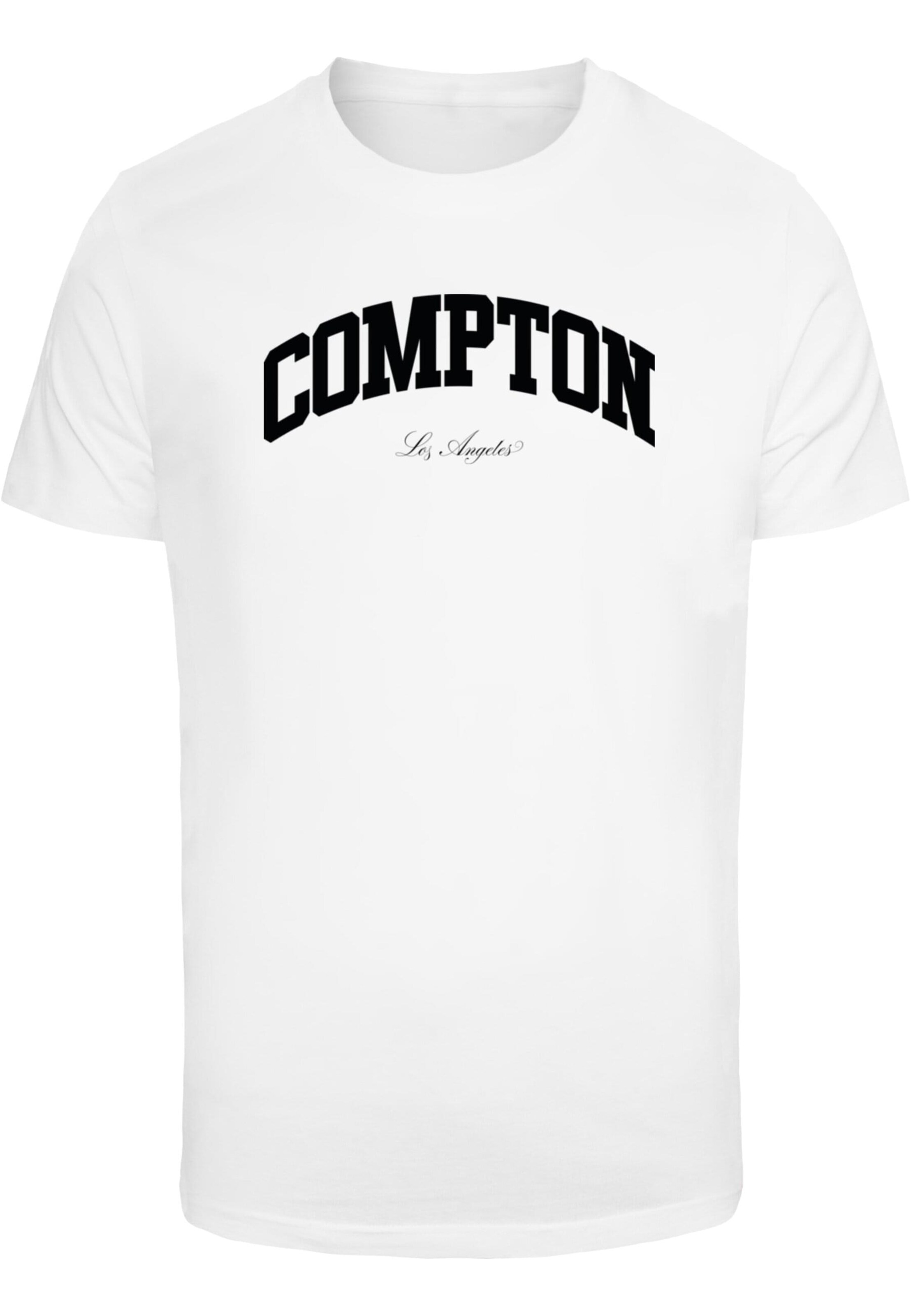 Mister Tee Shirt 'Compton Los Angeles' in Wit: voorkant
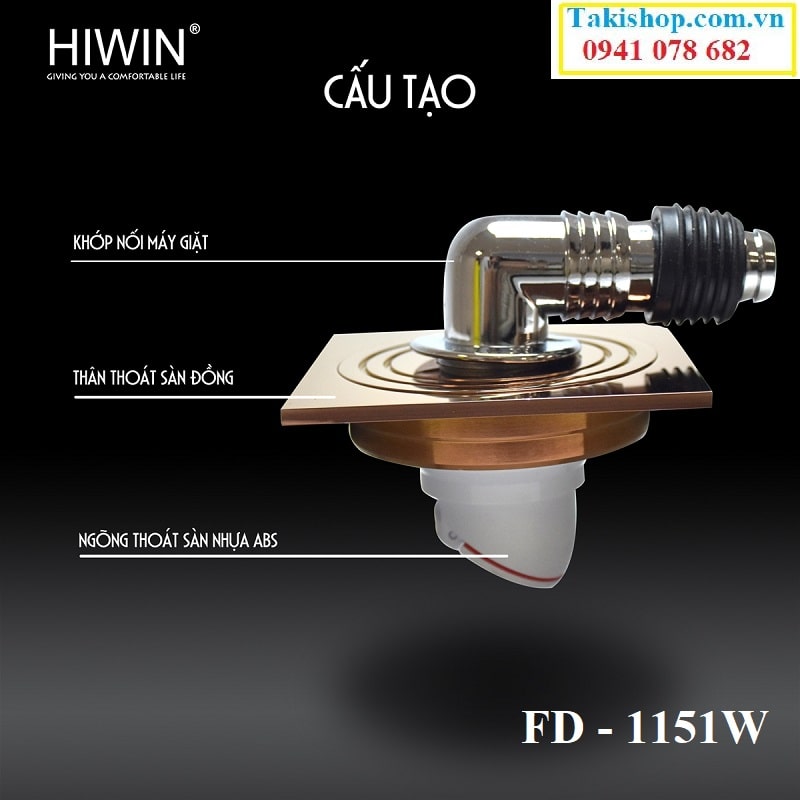 Cung cấp thoát sàn máy giặt ngăn mùi cao cấp Hiwin FD 1151W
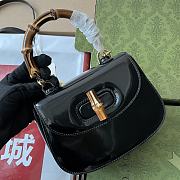 Gucci Bamboo 1947 Mini Top Handle Bag Black 724641 size 17x12x7.5 cm - 3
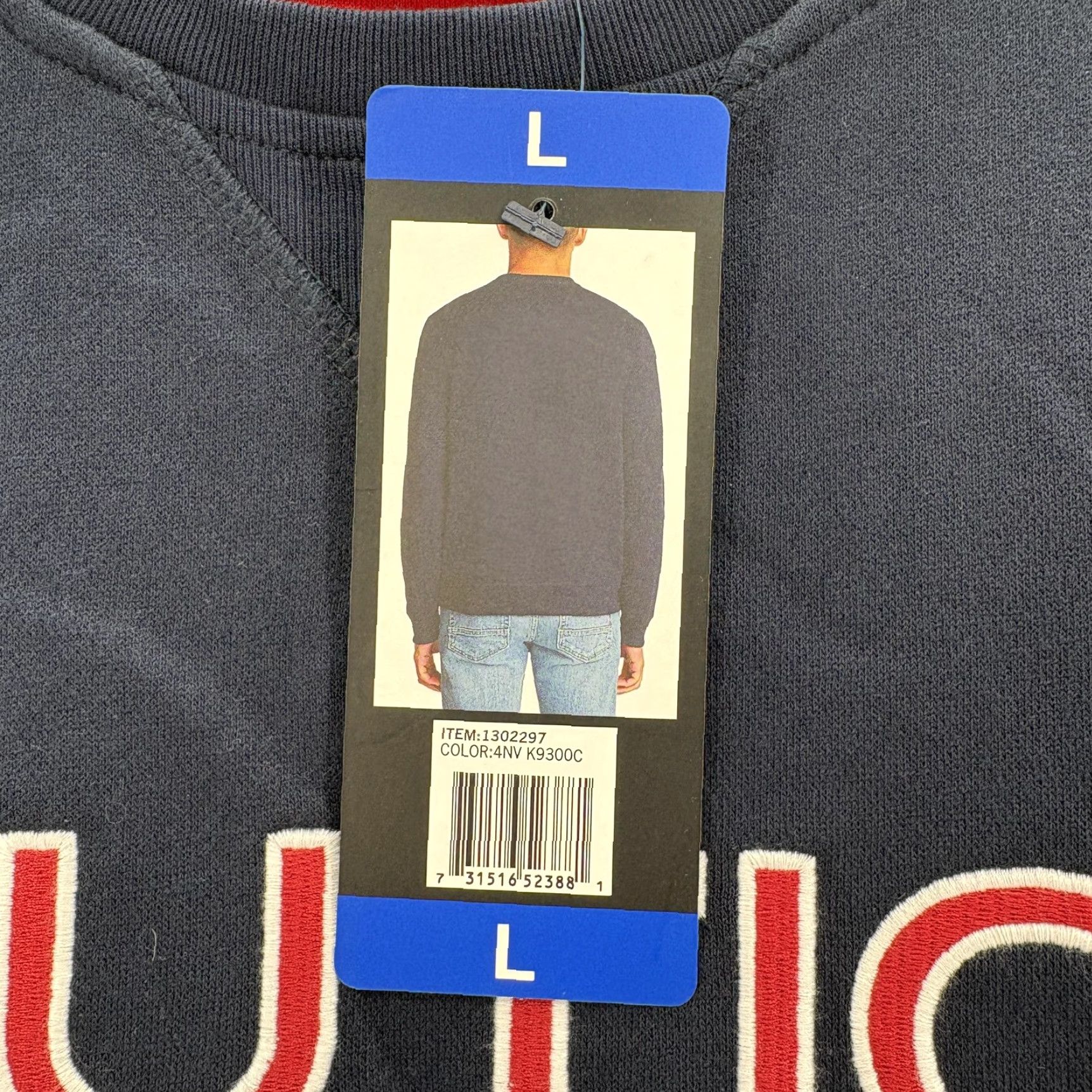Nautica Nautica Sweatshirt Mens L Blue Fleece Crewneck Pullover Logo Graphic Print Nautical Preppy Size US L / EU 52-54 / 3 - 5 Thumbnail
____
◆ **WHAT THE TASK ASKS**
Leave out the pictures and repeat the remaining data exactly.

◆ **FINAL ANSWER**
 Mister Tee Shirt 'Compton Los Angeles' in Wit: voorkant
 Cung cấp thoát sàn máy giặt ngăn mùi cao cấp Hiwin FD 1151W
 Gucci Bamboo 1947 Mini Top Handle Bag Black 724641 size 17x12x7.5 cm - 3
Nautica Nautica Sweatshirt Mens L Blue Fleece Crewneck Pullover Logo Graphic Print Nautical Preppy Size US L / EU 52-54 / 3 - 5 Thumbnail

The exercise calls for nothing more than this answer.